I had tried Fireline , Spiderwire and Power Pro and disliked them a lot , Suffix is not a stiff cable , does not frey and casts way better than all of the others.....I even put on the new Suffix Performance STRETCH braid (6% stretch) on my larger calcutta 700's for cats and really like it over the Mason dacron I have used for 20 years for big cats...I might try it on one of my smaller baitcasters that I throw spinnerbaits with this year and give it a go as I really like this line with the little bit of stretch built in.....but of course not as much as mono (avg. 20% stretch).


----------



## Smitty82 (Mar 13, 2011)

Anyone use the Nanofil yet?


----------



## jason_0545 (Aug 3, 2011)

im relatively new to braid also but i landed a 14 lb channel the other day bass fishing that rolled around the line 6 or 7 good times 2 or 3 times wrapped around my treble which he bent like crazy was using 20 lb spiderwire stealth braid


----------



## rod bender bob (May 19, 2004)

FISHIN216 said:


> I have tried to make the change but the action of finesse worms and such that I get on that line is really good...you would be surprised where I have pulled bass out of on that stuff...I never break off fish...I use my drag



Actually, your drag is of little help in very heavy cover. Would love to see you pull a bass out of serious weeds with that 8# line! I have a buddy who pulls some out with FC but it is 20#


----------



## fredg53 (Sep 17, 2010)

young-gun21 said:


> Sufix 832. I have 1 spinning reel with 20# and 1 with 10#...good stuff. I don't personally like Fireline compared to Sufix or Power Pro. The Sufix 832 is a sinking braid which also helps a little if you fish weightless baits like senkos, etc.
> 
> _Sent from my HTC Evo_


+1

Outdoor Hub mobile, the outdoor information engine


----------



## hatteras1 (Jan 18, 2011)

got me hooked said:


> gonna have to try the braided just gotta get used to an easier hook set so I don't rip the lips off or break the line.

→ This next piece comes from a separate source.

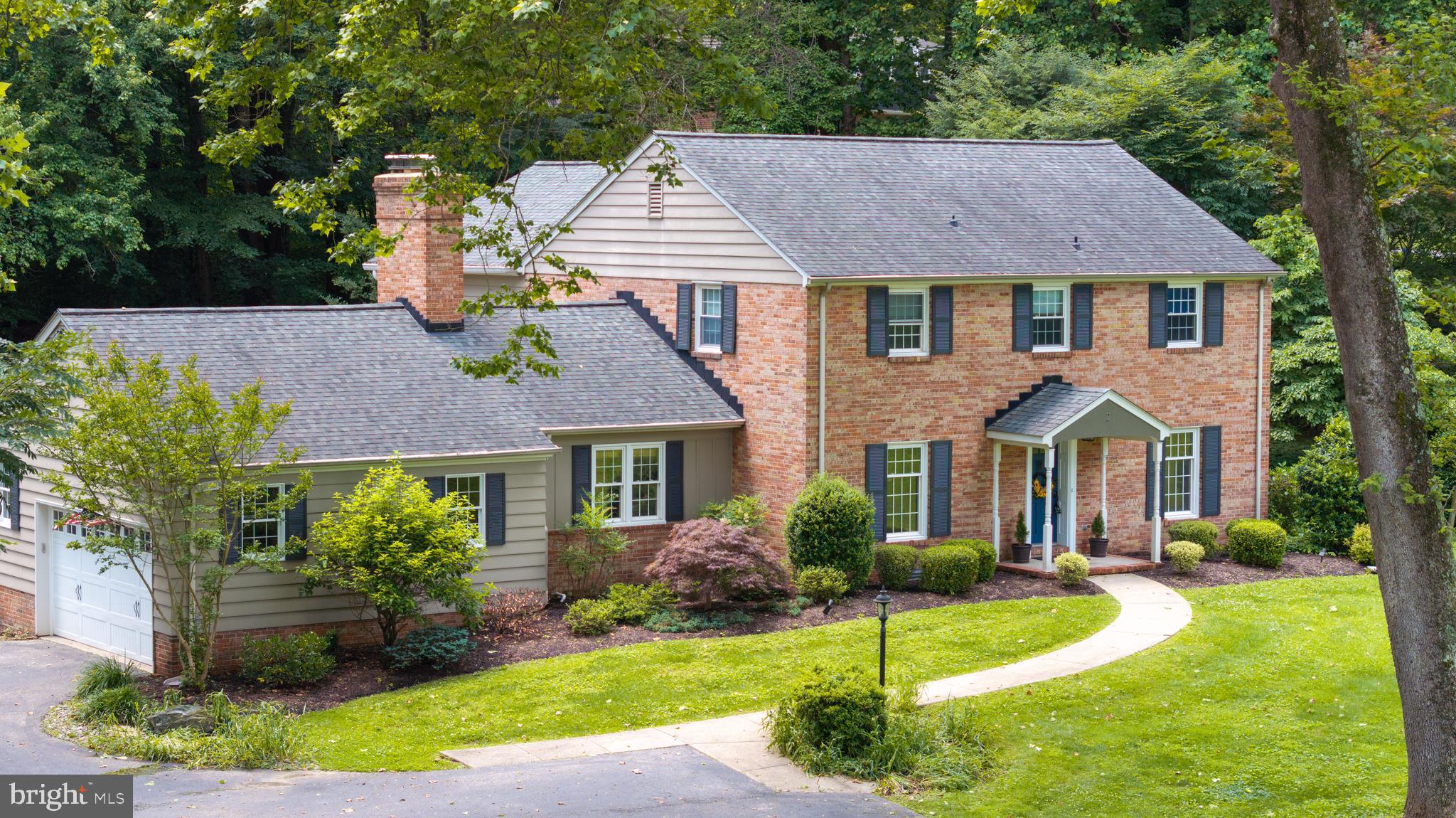 2 CHICKORY COURT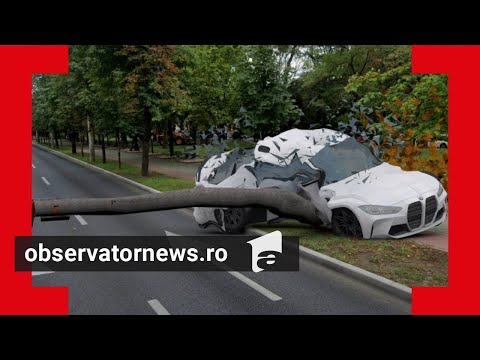 ANIMAŢIE. Doi tineri au murit striviţi într-un BMW în Ploieşti. Ar fi mers cu 198 km/h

i love the braid but all line has it's place. i use 14# with 4#dia on my baitcasters, and on my spinning reels. my thing though... the older reels can get damaged from the solid hookset, so i tie on a shock leader 8-10' fluorocarbon and line size depending on spool size. i do know the more you spend on braid, the better the results. todays braid is so much better than the old kevlar...........


----------